◆ Supplied material
• • • • •

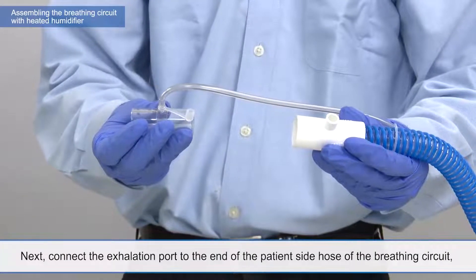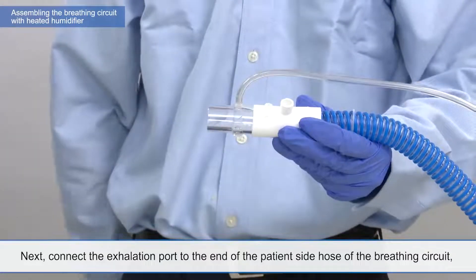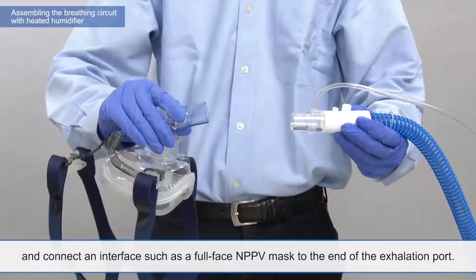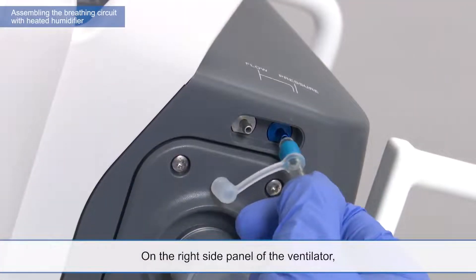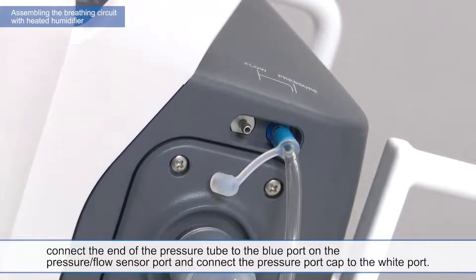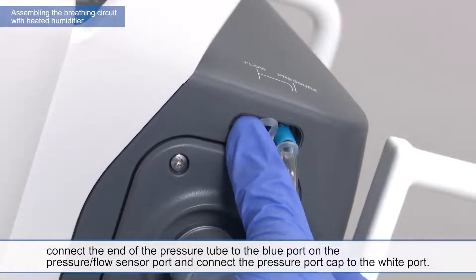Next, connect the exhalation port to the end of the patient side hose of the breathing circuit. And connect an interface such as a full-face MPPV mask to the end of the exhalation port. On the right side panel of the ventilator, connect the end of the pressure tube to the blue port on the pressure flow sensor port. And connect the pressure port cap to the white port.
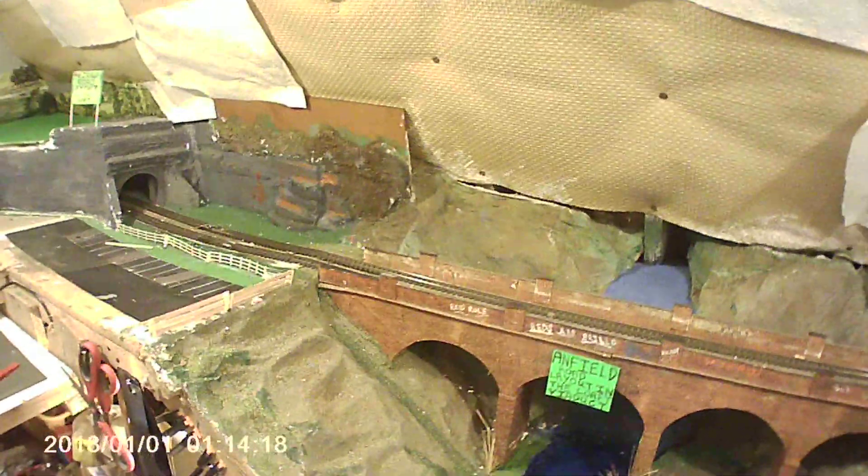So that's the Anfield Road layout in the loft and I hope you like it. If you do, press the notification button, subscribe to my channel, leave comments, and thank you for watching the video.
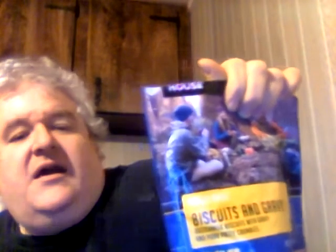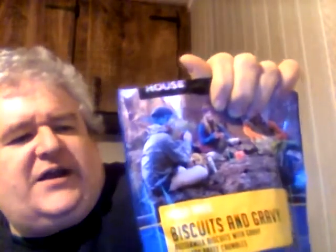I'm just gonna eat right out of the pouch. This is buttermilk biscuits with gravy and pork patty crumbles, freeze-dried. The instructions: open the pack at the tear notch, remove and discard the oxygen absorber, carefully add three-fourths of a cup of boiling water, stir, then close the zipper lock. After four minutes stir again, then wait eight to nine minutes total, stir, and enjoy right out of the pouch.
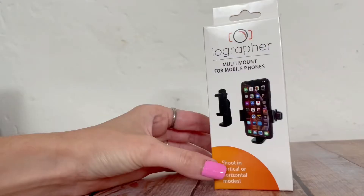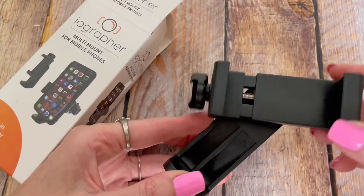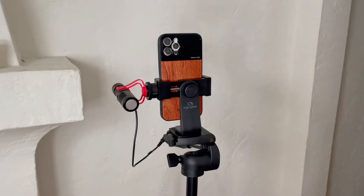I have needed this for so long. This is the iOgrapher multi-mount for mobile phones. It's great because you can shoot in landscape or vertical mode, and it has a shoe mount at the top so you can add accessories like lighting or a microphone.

• • • • •

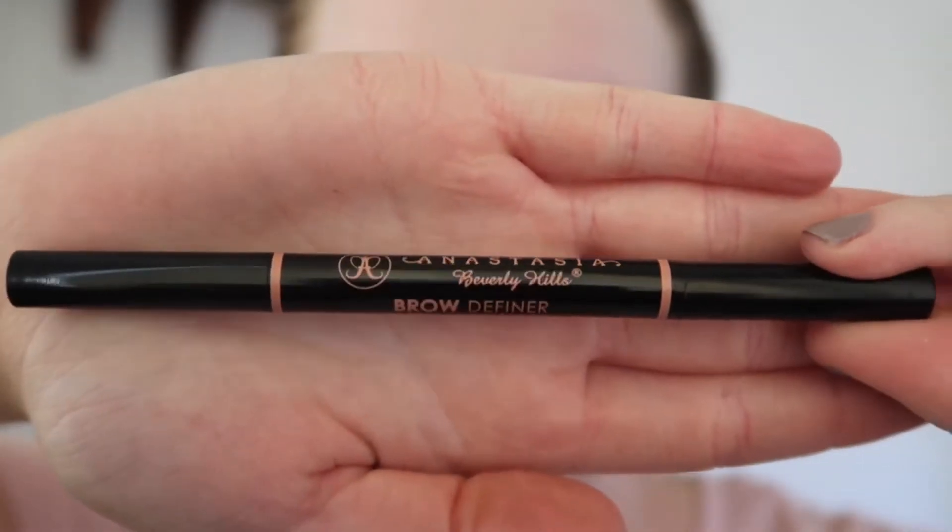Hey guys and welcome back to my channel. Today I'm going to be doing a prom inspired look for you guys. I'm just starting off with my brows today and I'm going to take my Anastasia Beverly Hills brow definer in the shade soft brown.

• • • • •

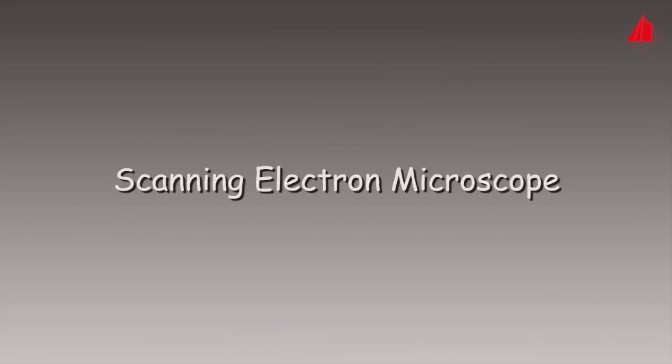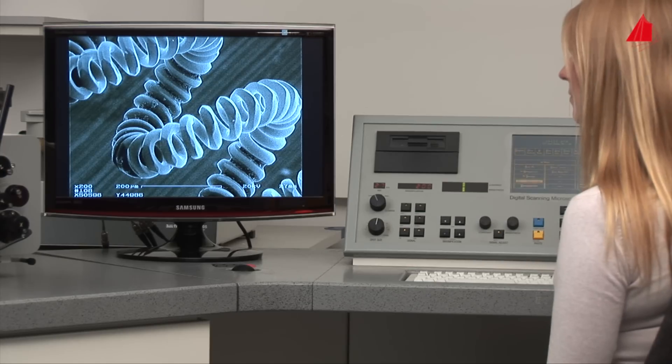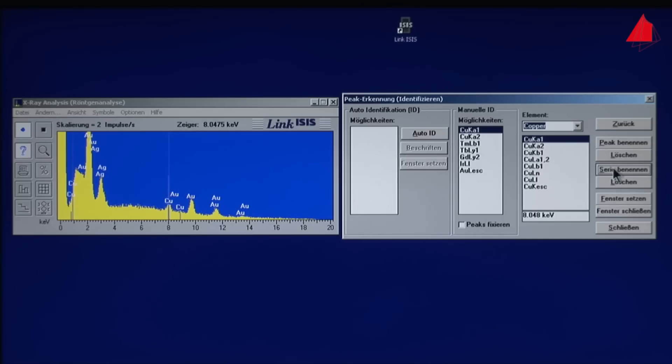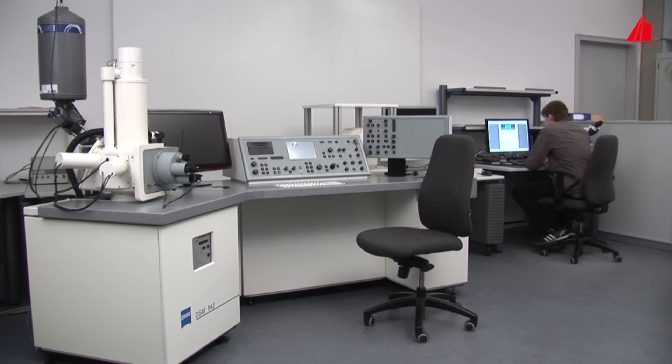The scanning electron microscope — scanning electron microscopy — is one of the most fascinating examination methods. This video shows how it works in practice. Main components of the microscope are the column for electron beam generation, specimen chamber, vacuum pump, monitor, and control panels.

• • • • •

◆ Work order
Copy the lines above exactly, starting at the one with "I'm just gonna" and ending at the one with "I have needed", both included. Leave out any pictures and add nothing else.

◆ Problem solution
I'm just gonna eat right out of the pouch. This is buttermilk biscuits with gravy and pork patty crumbles, freeze-dried. The instructions: open the pack at the tear notch, remove and discard the oxygen absorber, carefully add three-fourths of a cup of boiling water, stir, then close the zipper lock. After four minutes stir again, then wait eight to nine minutes total, stir, and enjoy right out of the pouch.
I have needed this for so long. This is the iOgrapher multi-mount for mobile phones. It's great because you can shoot in landscape or vertical mode, and it has a shoe mount at the top so you can add accessories like lighting or a microphone.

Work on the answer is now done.